(Updated at 3:50 p.m.) Summers Restaurant in Courthouse was saturated with beer, World Cup fans and support for the U.S. Men’s National Soccer Team this afternoon. Bargoers were on the edge of their seats before the game between the U.S. and Germany even started.
“This is, like, the biggest game of my life,” said Joyce Batka, a soccer fan since kindergarten and supporter of U.S. head coach Jurgen Klinsmann since he played for the German national team in the 1990s. “I’m really torn. I’d love it if there was a tie today so that both teams advance.”
The Germans defeated the U.S. team, 1-0, but because the U.S. lost to Germany by only one goal and Portugal, which defeated Ghana, lost by four earlier in the tournament, the U.S. advanced to the Round of 16.
Batka planned weeks ahead to take the day off from work and watch the game, much like Wes Cronkite, who had his day off scheduled since December. Batka and Cronkite were two of the thousands of soccer fans, new and old, who ditched work today to pack neighborhood restaurants with TVs from noon to 2:00 p.m.
“I haven’t missed a World Cup game since 1994,” Cronkite said. Cronkite was sporting a U.S. jersey, and others showed support with American flags, Hawaiian leis and other displays of team pride.
The United States defeated Ghana, 2-1, to open the tournament last week, and was beating Portugal 2-1 until 94 and a half minutes into the 95-minute game, the Portuguese scored to force a tie. If the U.S. had held on, they would have advanced regardless of their result against Germany.
“They could have closed it out last time,” Courtney Friedman, a soccer fan for five years, said while wearing an American flag poncho, “but that makes this game extra special.”
Although neither team scored during the first half of the game, curses and expressions of frustration filled Summers with each German shot American goalie Tim Howard blocked, leading many fans to pay closer attention to the Portugal-Ghana game.

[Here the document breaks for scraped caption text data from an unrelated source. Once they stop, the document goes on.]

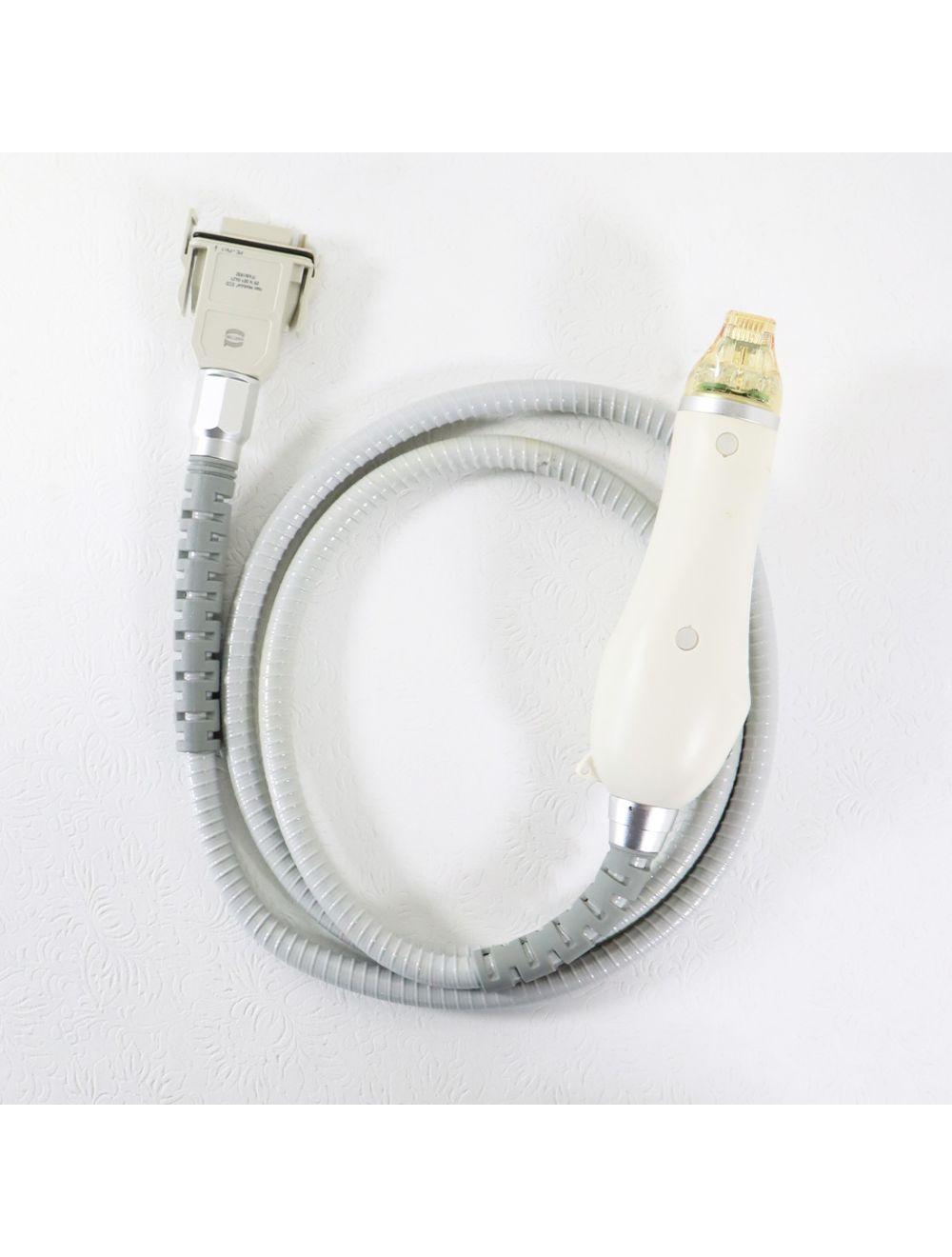 Ilooda Cutera SecretRF 64-Pin Radiofrequency RF Microneedling Handpiece HP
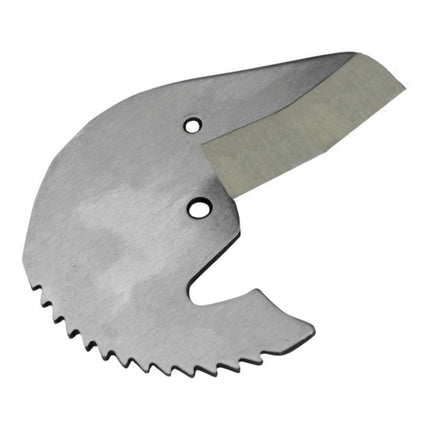 ROTHENBERGER Lame de rechange  pour cisaille pour plastique ROCUT® 50 ( 4000781338 )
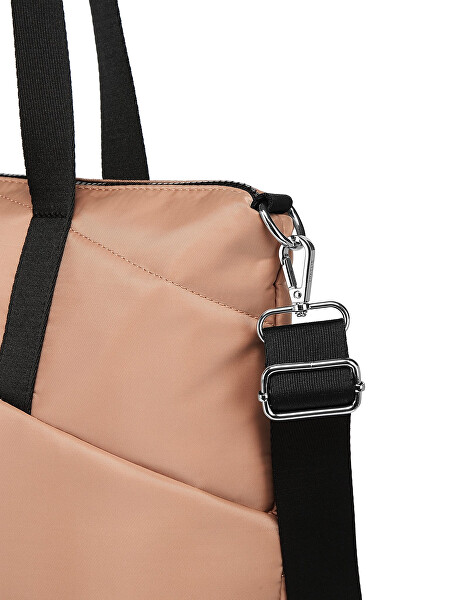 Dámská kabelka Lora Beige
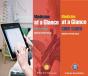 Medicine At A Glance 4th Edition Text And Cases Bundle - Preview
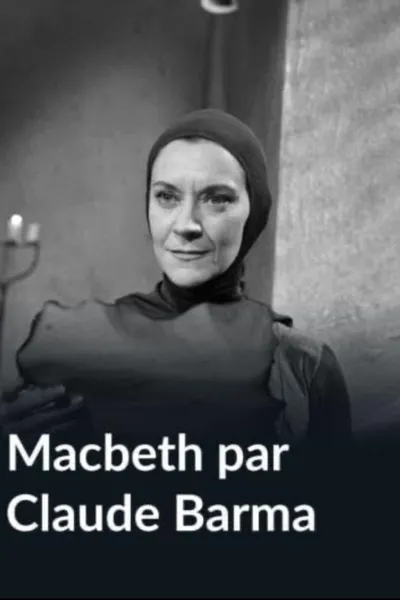 Macbeth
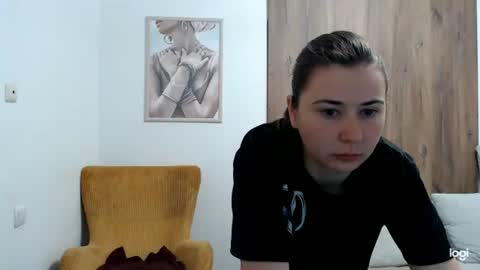 dianasmiey7 online show from 26, 5, 2026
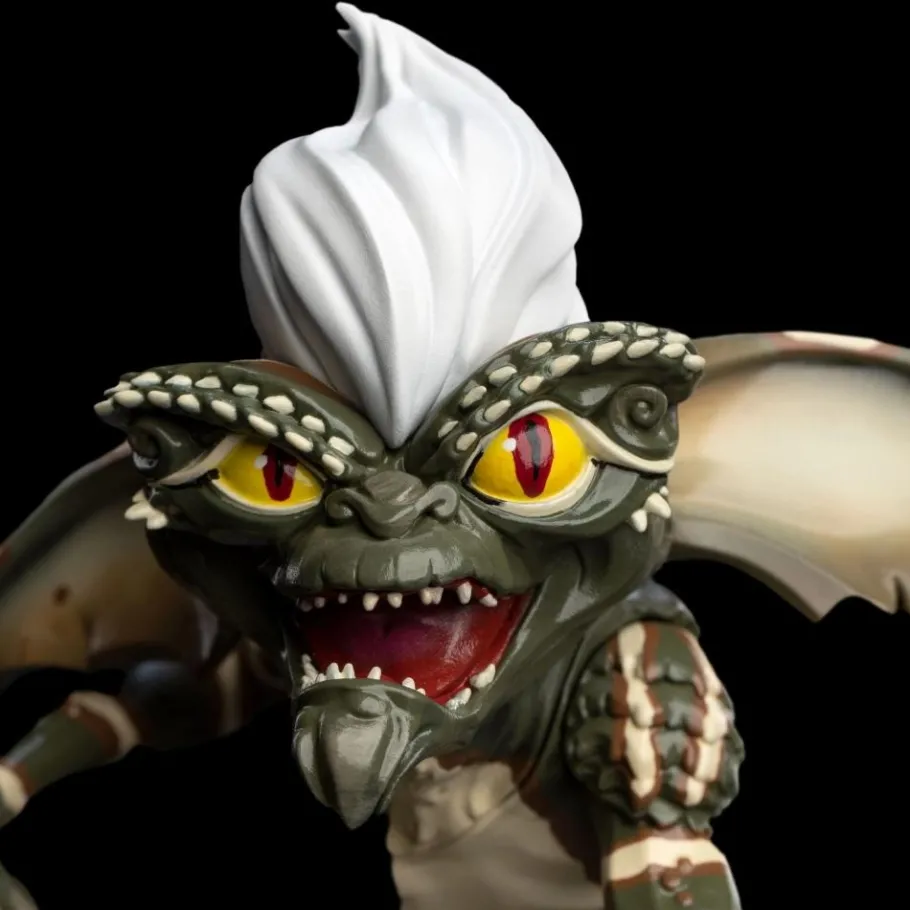 Designer Vinyl>Gremlins - Stripe Mini Epics 5" Vinyl Figure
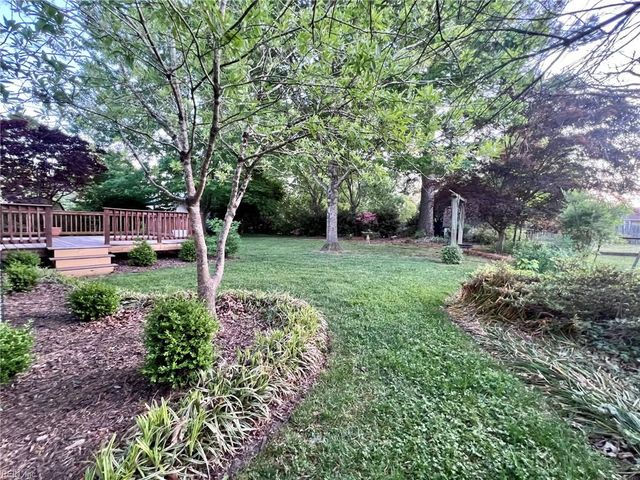 728 Willow Oak DR, Chesapeake, VA 23322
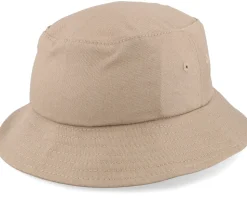 Kids Red Bucket - Flexfit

A man with a vuvuzela paced and yawned near the bar.
“They’re not even trying anymore,” a man in the crowd said at the beginning of the second half. “The game is dead.” Germany scored its first and only goal of the game before he finished his sentence.
“These Germans are very boisterous,” Dave Endres, who was at a bar in Tysons on Sunday for the U.S.’s game against Portugal, said.
For the rest of the second half, the crowd was quiet apart from shouts of disagreement at “unfair” calls from the referee, and one man who chanted “U-S-A, U-S-A,” after Ghana scored its only goal on Portugal.
The U.S. team will now face the winner of either Belgium or Algeria in the Round of 16 on Tuesday at 3:30 p.m. It’s the first time in U.S. Soccer history that the men’s team advanced out of the group stage in two straight World Cups. In 2010, The U.S. was eliminated by Ghana in the Round of 16.
Despite the loss, the bar crowd still clapped, cheered and shouted “U-S-A, U-S-A” at the end of the game. Emotionally-drained fans, overall, were all smiles at the end result.
“It was still good,” bar patron Francisco Lainez said. “I mean, they lost, but they still get to the next stage.”